▶ **PROBLEM TO WORK ON**: Without copying any picture, transcribe exactly the lines of the data below from the one containing "Rosa × majorugosa" through the one containing "1982年属狗人永久吉利的数字,1982年属狗人永久吉利的颜色".

Start of RECORDS FOR THE EXERCISE

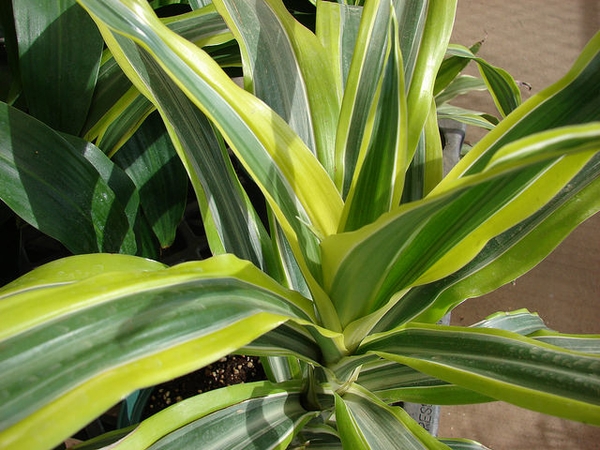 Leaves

End of RECORDS FOR THE EXERCISE
Start of RECORDS FOR THE EXERCISE

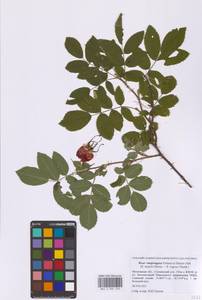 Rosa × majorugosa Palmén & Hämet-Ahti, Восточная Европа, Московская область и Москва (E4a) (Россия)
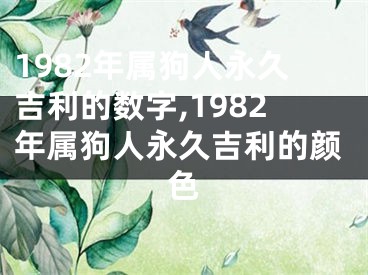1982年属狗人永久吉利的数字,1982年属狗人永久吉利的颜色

End of RECORDS FOR THE EXERCISE
Start of RECORDS FOR THE EXERCISE

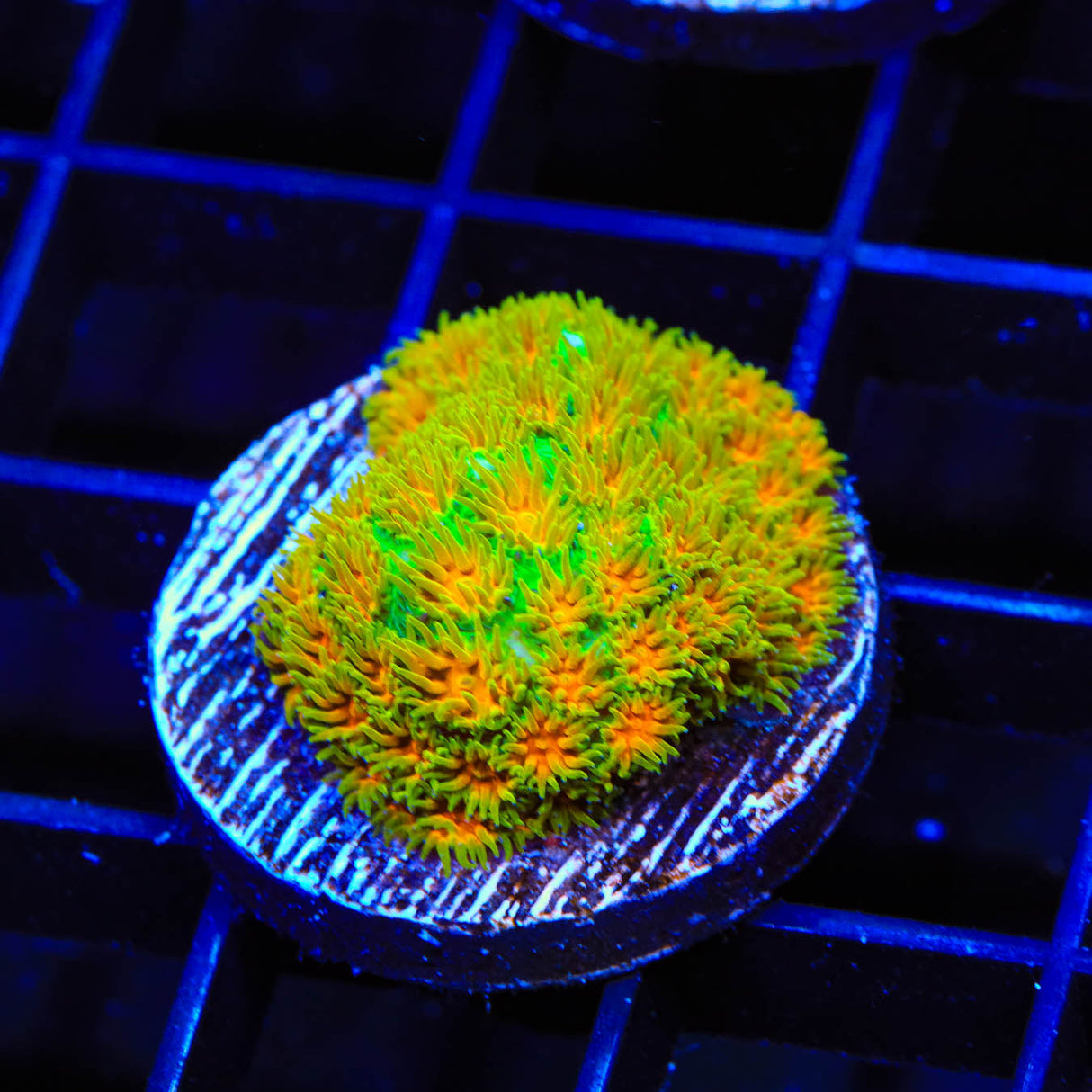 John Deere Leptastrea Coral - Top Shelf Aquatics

End of RECORDS FOR THE EXERCISE

▶ **EXPECTED OUTPUT**:
 Rosa × majorugosa Palmén & Hämet-Ahti, Восточная Европа, Московская область и Москва (E4a) (Россия)
1982年属狗人永久吉利的数字,1982年属狗人永久吉利的颜色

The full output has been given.